EXTRACTED DATA:
□ □ □ □ □ □ □

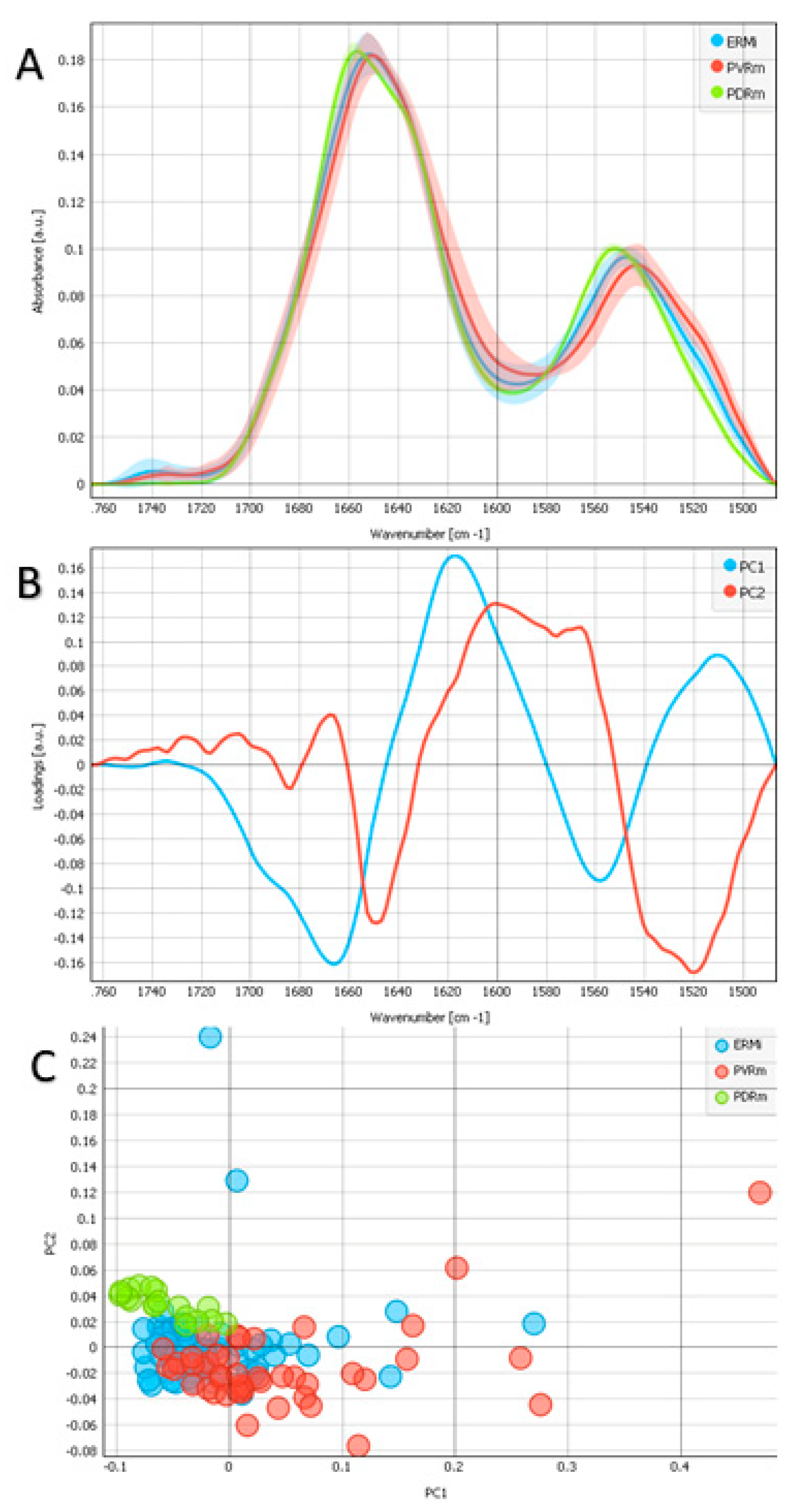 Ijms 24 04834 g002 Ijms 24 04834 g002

□ □ □ □ □ □ □

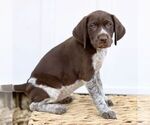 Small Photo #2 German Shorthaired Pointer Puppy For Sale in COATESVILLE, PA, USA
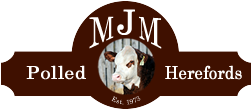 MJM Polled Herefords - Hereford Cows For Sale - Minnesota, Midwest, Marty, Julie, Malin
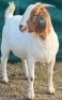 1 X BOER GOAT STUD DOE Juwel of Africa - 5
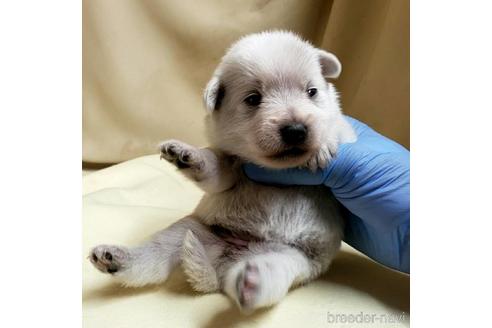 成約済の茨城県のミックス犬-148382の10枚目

□ □ □ □ □ □ □

DIRECTIONS: Set down, exactly as written above, each line from the one with "Small Photo #2" through the one with "成約済の茨城県のミックス犬-148382の10枚目", and skip the pictures.

ANSWER TO THIS TASK:
 Small Photo #2 German Shorthaired Pointer Puppy For Sale in COATESVILLE, PA, USA
 MJM Polled Herefords - Hereford Cows For Sale - Minnesota, Midwest, Marty, Julie, Malin
 1 X BOER GOAT STUD DOE Juwel of Africa - 5
 成約済の茨城県のミックス犬-148382の10枚目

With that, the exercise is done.